We use GEM5[7], a cycle-level simulator to evaluate the performance overheads of Dolos. As illustrated in Table 1, we simulate a single X86-64 Out-of-Order core with 16GB DDR based PCM<sup>1</sup>. We also use six database benchmarks from WHISPER[16]. For each benchmark, we fast-forward to where the transactions start and simulate 50000 transactions. We simulate all the integrity protection and data encryption aspects in both of Mi-SU and Ma-SU. We model both MT with eager update (as in AGIT[26]) and ToC with lazy update (as in Phoenix[2]). For the update of ToC, AES-GCM and conservatively assume parallel AES-GCM engines with a design and latency based on prior work[22], i.e., the update different levels of ToC happen in parallel. For the update of the small BMT in lazy update scheme and regular BMT in eager update scheme, we use MAC latency of 160 cycles and all levels are updated serially, similar to prior work[6, 15, 26]. A counter cache and MT cache are included in Ma-SU. In our model, a single MAC computation takes 160 cycles, similar to prior work[6, 15, 26]. Full-WPQ-MiSU has two MAC computations and both Partial-WPQ-MiSU and Post-WPQ-MiSU have one MAC calculation. Ma-SU has ten MAC calculations for eager update scheme and four MAC calculations for lazy update scheme. Unless mentioned otherwise, we use the state-of-the-art secure NVM controller, Anubis[26] - AGIT scheme, as our baseline and representative of the pre-WPO secure NVM implementations where all secure memory back-end operations occur before persistence. This is denoted Pre-WPQ-Secure in some figures. Note that Dolos can be combined with any secure NVM scheme which can be used to further improve the Ma-SU performance; as mentioned earlier, we use Anubis[26] as the Ma-SU's implementation in Dolos.

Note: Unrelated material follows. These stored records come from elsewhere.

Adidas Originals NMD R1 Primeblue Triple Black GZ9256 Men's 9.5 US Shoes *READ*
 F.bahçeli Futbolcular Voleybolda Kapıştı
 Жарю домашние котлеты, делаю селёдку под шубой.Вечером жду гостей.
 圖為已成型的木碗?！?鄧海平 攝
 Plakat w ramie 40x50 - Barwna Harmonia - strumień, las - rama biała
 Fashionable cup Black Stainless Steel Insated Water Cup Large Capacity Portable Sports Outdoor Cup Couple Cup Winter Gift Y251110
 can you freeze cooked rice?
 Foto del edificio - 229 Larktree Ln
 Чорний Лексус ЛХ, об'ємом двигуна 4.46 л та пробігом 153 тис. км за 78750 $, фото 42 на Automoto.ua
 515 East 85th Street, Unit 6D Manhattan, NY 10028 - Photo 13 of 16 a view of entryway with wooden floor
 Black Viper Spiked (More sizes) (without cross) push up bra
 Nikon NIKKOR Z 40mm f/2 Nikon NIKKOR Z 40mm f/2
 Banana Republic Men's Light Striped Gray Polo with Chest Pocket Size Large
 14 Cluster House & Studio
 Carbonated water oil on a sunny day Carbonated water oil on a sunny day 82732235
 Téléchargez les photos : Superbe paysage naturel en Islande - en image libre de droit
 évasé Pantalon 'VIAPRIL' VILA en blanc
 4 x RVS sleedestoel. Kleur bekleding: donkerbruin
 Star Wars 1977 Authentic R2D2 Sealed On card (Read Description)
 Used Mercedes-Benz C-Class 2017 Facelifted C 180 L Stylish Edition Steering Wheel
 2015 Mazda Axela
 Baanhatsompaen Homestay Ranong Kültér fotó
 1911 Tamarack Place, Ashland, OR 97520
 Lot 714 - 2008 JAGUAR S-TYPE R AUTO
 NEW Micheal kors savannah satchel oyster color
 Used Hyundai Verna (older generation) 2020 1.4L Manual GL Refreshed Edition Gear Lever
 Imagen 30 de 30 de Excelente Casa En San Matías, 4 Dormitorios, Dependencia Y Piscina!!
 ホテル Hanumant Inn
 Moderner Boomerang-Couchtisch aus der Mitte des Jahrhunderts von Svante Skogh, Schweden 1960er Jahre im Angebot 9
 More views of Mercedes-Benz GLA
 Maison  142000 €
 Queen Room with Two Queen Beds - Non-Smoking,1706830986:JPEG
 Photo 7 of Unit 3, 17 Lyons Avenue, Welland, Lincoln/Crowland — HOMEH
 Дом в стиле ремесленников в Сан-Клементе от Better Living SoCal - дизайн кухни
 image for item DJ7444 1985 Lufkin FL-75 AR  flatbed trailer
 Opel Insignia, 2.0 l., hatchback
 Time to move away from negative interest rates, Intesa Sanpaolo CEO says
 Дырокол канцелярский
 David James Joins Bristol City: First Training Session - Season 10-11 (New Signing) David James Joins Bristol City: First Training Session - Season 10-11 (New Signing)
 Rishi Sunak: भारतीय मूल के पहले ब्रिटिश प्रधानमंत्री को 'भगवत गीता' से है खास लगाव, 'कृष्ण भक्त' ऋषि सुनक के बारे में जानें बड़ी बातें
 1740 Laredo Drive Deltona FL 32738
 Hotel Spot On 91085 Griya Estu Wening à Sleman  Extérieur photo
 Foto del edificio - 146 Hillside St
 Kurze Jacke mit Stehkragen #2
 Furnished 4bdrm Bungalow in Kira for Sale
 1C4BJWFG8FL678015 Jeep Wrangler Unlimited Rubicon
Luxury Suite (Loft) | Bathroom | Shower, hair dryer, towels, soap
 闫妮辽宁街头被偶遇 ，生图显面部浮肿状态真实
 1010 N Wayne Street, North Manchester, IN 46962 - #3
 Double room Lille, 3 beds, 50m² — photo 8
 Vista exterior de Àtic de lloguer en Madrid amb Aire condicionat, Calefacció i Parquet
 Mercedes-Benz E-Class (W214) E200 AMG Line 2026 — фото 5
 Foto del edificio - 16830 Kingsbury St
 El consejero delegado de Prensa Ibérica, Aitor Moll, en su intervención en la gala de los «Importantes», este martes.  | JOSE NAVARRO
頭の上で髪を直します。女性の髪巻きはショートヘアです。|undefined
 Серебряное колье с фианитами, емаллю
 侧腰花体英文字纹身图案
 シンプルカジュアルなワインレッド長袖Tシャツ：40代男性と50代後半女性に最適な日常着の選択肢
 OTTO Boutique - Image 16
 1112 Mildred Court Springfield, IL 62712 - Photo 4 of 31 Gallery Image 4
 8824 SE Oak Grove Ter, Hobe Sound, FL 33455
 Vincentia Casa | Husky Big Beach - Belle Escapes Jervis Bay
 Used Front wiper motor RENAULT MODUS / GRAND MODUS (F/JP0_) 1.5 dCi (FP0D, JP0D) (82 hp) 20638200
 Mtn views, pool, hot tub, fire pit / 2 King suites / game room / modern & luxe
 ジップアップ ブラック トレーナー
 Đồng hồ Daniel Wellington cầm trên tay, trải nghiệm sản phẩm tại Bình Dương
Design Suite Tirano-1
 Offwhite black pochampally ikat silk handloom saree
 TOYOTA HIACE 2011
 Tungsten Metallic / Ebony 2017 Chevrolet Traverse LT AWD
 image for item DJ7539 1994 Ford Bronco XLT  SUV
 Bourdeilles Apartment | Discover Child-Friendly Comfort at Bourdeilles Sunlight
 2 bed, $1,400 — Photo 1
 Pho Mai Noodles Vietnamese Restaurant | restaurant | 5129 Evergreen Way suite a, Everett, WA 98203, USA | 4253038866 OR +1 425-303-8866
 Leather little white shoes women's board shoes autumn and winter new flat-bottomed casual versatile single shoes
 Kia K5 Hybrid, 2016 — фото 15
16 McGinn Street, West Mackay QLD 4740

For all applications, we use 1024B as the default transaction size and eager update scheme unless stated otherwise.

## 5.2 Dolos Performance

*5.2.1 Overall Performance in Eager Update Scheme.* In this section, we show the performance improvement of Dolos when adopting three different designs of Mi-SU with Eager Update of Merkle Tree.

Table 2: Number of WPQ Insertion Re-try Events Per Kilo Write Requests (KWR)

| Benchmark   | Number of WPQ Insertion Re-try-KWR |                  |               |  |
|-------------|------------------------------------|------------------|---------------|--|
|             | Full-WPQ-MiSU                      | Partial-WPQ-MiSU | Post-WPQ-MiSU |  |
| Hashmap     | 182.32                             | 293.00           | 359.30        |  |
| Ctree       | 88.19                              | 207.22           | 285.24        |  |
| Btree       | 106.55                             | 214.17           | 280.80        |  |
| RBtree      | 120.00                             | 209.89           | 261.22        |  |
| NStore:YCSB | 1.09                               | 68.55            | 181.95        |  |
| Redis       | 106.93                             | 215.10           | 274.43        |  |



Figure 12: Speedup of Dolos with Full-WPQ-MiSU, Partial-WPQ-MiSU, Post-WPQ-MiSU using Eager Update Scheme(transaction size = 1024B)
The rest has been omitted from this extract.